Sospiro, sapendo già che i due gemelli litigheranno per l'ennesima volta.
E la colpa di chi è? Mia, che non sono capace a tenere la bocca chiusa.

Mi trascino fino al fondo del corridoio, fino alla mia camera, e spalanco la porta, per poi richiudermela alle spalle appena sono dentro.
Lancio malamente il mio zaino ai piedi del letto, appoggio la bottiglia sulla scrivania, mi tolgo le scarpe e mi lego i capelli in una coda alta, aprendo poi un cassetto e tirandone fuori un apribottiglie per stappare la birra.
Appena ne bevo un sorso mi rilasso e mi siedo sul divanetto di fianco alla finestra.

Continuo a sorseggiare la birra, mentre osservo il paesaggio arido che si estende fuori, in netto contrasto con i campi verdeggianti coltivati da zio Ector e zia Beth, e ovviamente dai bellissimi ragazzi che pagano.

E tra di essi c'è Ashton Irwin, che è praticamente il sogno erotico di ogni ragazza di Melbourne e dintorni.
È un ragazzo abbastanza alto, muscoloso, mascolino, con una chioma di ricci biondo scuro, abbronzatura sempre perfetta... Insomma, vent'anni di pura bellezza divina.

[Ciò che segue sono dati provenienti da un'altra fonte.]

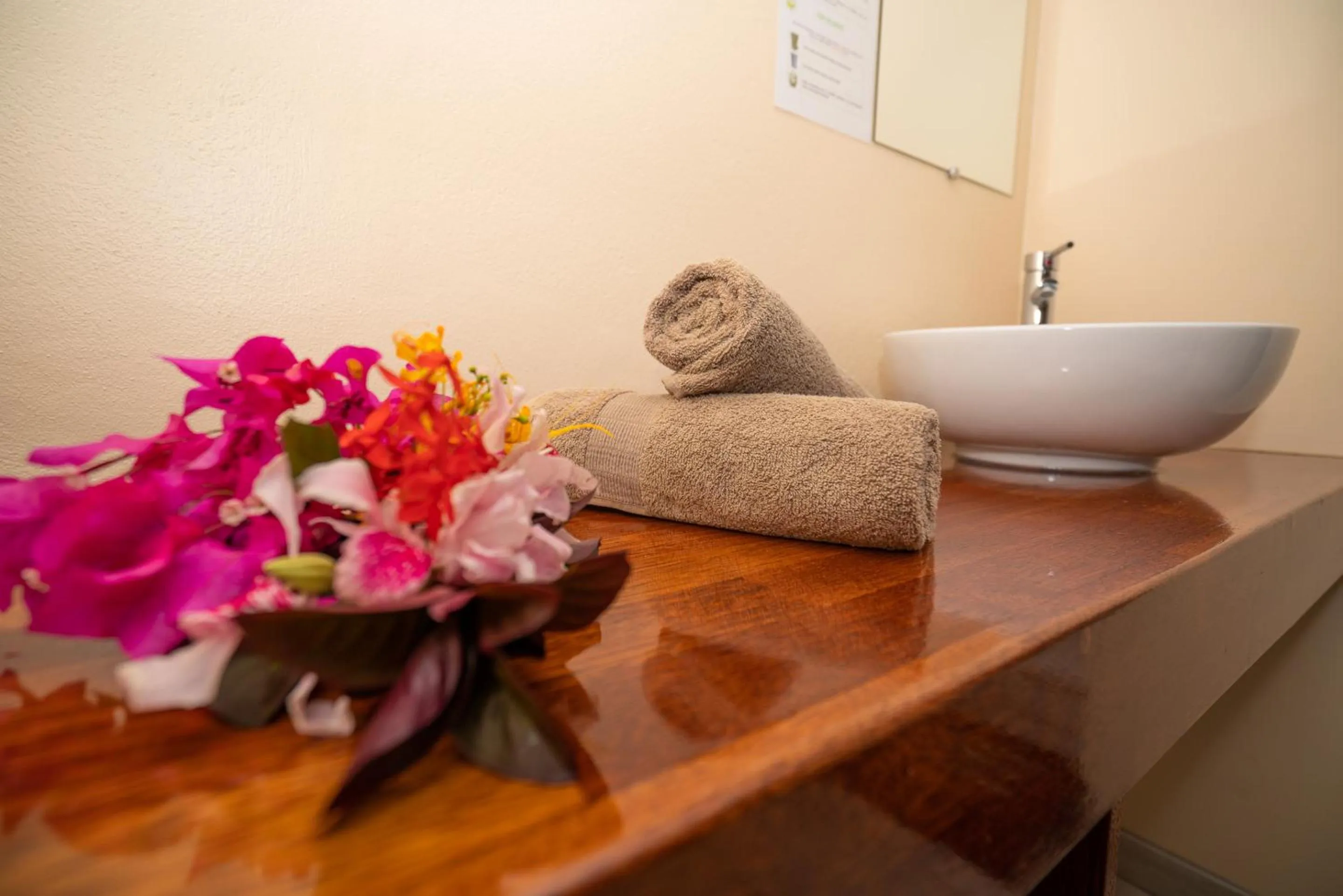 Bathroom in BORA BORA HOLIDAY'S LODGE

E, giusto per non farci mancare nulla, ogni tanto vengono dei suoi amici per poi andare in giro, quando ha finito di lavorare.
Amici come Calum Hood, ad esempio.
Un ragazzo alto, dai capelli corvini, tratti neozelandesi, bicipiti che potrebbero fare invidia persino a Captain America, labbra piene e vabbè, un'altra divinità di circa diciotto anni che onora la popolazione terrestre della sua presenza.

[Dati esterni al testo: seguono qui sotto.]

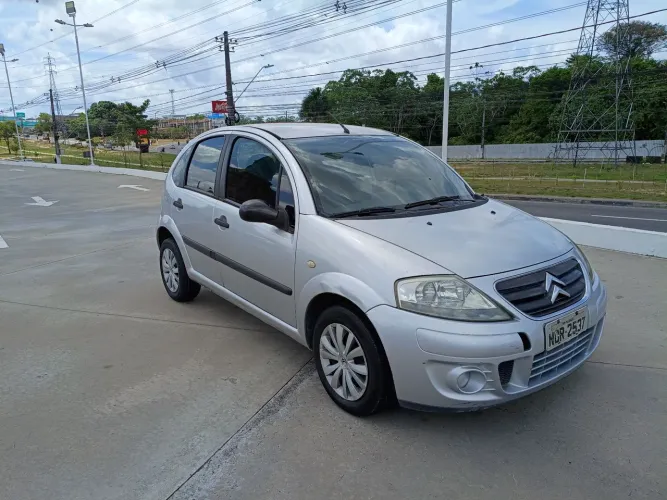 Citroen C3 GLX 1.4/ GLX Sonora 1.4 Flex 8V 5P 2010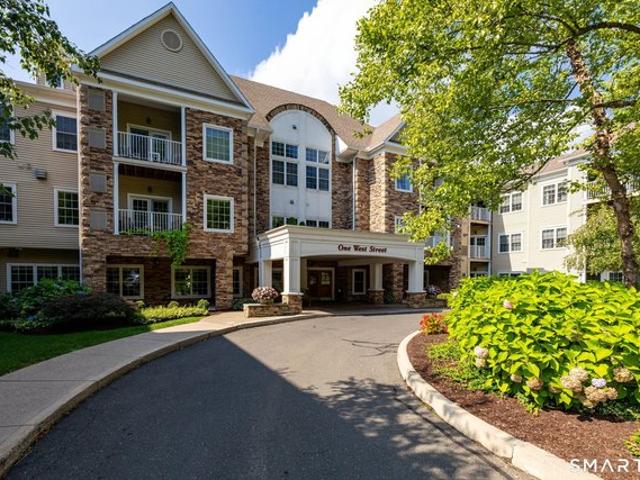 Condo for sale in Simsbury, Connecticut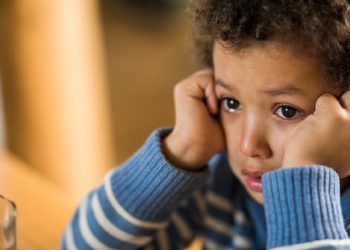 5 Red Fleg Anak Manja karena Kesalahan Pola Asuh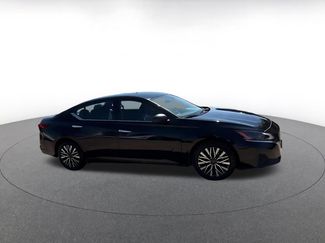 Used 2025 Nissan Altima 2.5 SV FWD video 2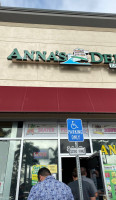 Anna&#x27;s Deli food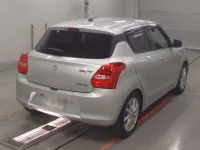 Suzuki SWIFT лот № 30511 оценка 3.5  с аукциона в Японии 1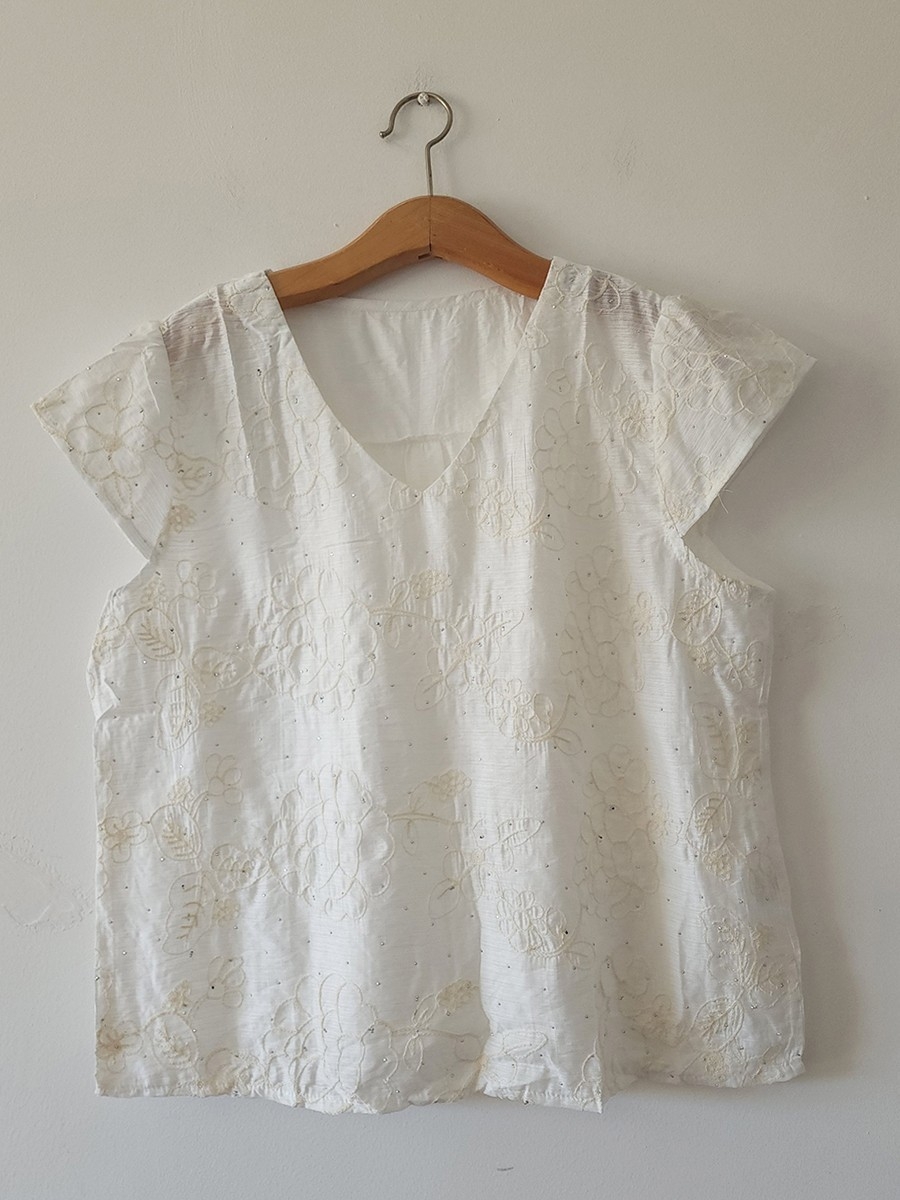 Remera Blusa Bordada con Strass Importada - Imagen 2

Amici come Luke Hemmings, anche.
Che nonostante sia il più piccolo è il più alto di tutti, ha delle gambe lunghe e snelle che farebbero invidia a qualsiasi modella, capelli biondi, occhi azzurri, spalle larghe... Sì, in pratica un angelo sceso in terra.

E poi c'è l'acerrimo nemico di Ross, Michael Clifford.
Sempre vestito di nero, come Ross, sempre con un ghigno stampato in faccia, come Ross, sempre con i tatuaggi neri che risaltano sulla sua pelle nivea, come Ross.
Un tempo erano migliori amici, mi ha raccontato Rick, erano sempre insieme, il loro primo tatuaggio l'hanno fatto insieme, ma un giorno hanno litigato per una ragione a tutti sconosciuta, e da quel giorno non si sono più parlati, solo qualche occhiataccia nei corridoi di scuola.
In presenza di Ross non si può nominare Michael, e in presenza di Michael non si può nominare Ross.

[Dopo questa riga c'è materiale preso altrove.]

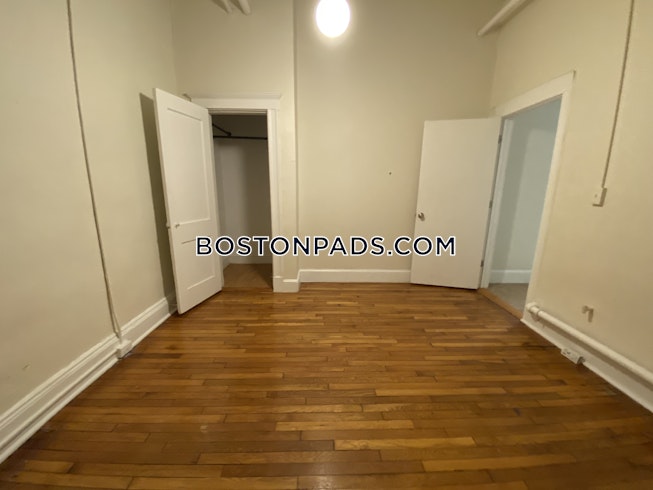 Boston - $1,695 /mo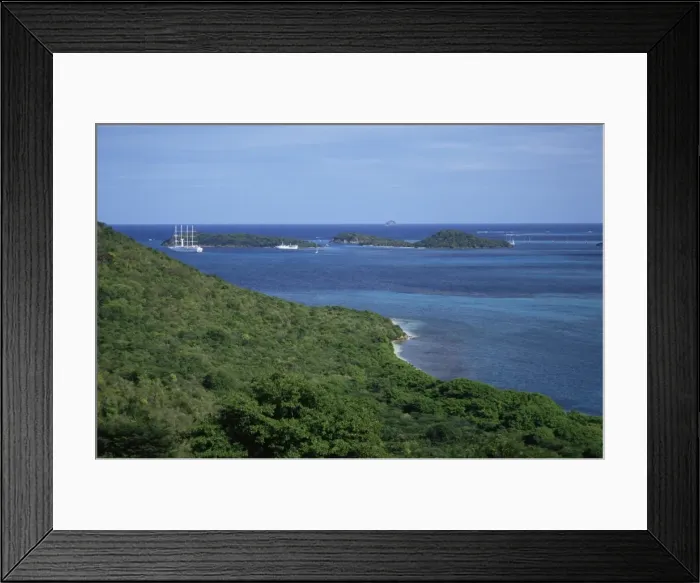 Framed Print : View from Mayreau island towards Tobago Cays Framed Print : View from Mayreau island towards Tobago Cays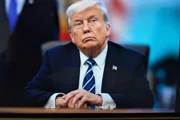 И еще раз: Трамп «отменил удары по Ирану» и пообещал скорую сделку.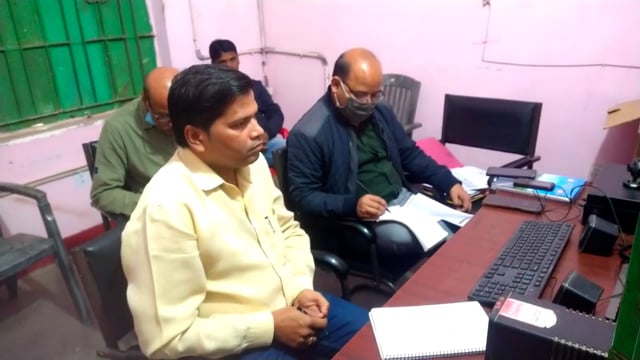 जिला पदाधिकारी ने वीडियो कॉन्फ्रेंसिंग के माध्यम से मुख्यमंत्री ग्राम परिवहन योजना के नौवें चरण को लेकर बीडीओ से की बात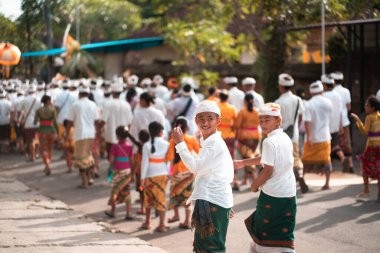 Galungan Tatili. Kutlama alayı. Ön planda iki çocuk var. Bali Adası, Endonezya 26.12.2018.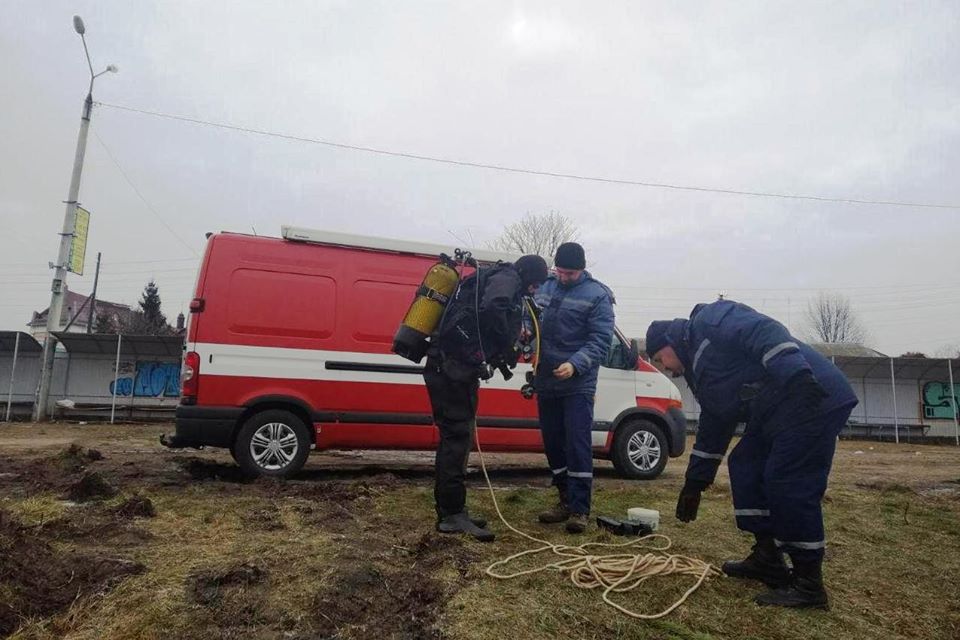 Рятувальники показали, як витягали автомобіль з річки Остер. Фото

Anche se talvolta vedo Ross guardare tristemente fuori dalla finestra, proprio dove ci sono Ashton e i suoi amici, e spesso anche Michael sembra triste quando è qui con gli altri.

In ogni caso anche Michael Clifford è una bellezza spettacolare, una bellezza quasi come se fosse un angelo dannato.
Anche se i suoi capelli hanno visto tinte di ogni colore dell'arcobaleno e non, quindi non è esattamente un ragazzo satanico, opterei più per descrivere il suo stile come punk rock.

Ed è quando sento il rumore di un motore avvicinarsi che scorgo la macchina degli amici di Ashton.
Oh, bene, anche questa sera potrò assistere ad una sfilata di cotanta bellezza.
Con questo pensiero, finisco di trangugiare la birra e scendo le scale, per osservarli meglio da vicino.

Quando arrivo in salotto però, mi trovo davanti ad una scena che non mi sarei aspettata.
C'è zia Beth che sta chiedendo amorevolmente ad Ashton e i suoi amici di fermarsi a cena, zio Ector sta leggendo il giornale (da quando sa leggere?), Rick è tutto allegro che apparecchia tavola, e Ross è raggomitolato su una poltrona con le cuffiette nelle orecchie e gli occhi chiusi, mentre fa finta di dormire per non incrociare lo sguardo di nessuno.

Questa serata si prospetta interessante.
Soprattutto perché io sono assolutamente l'espressione della femminilità, e tutto questo testosterone mi sta mandando in agitazione.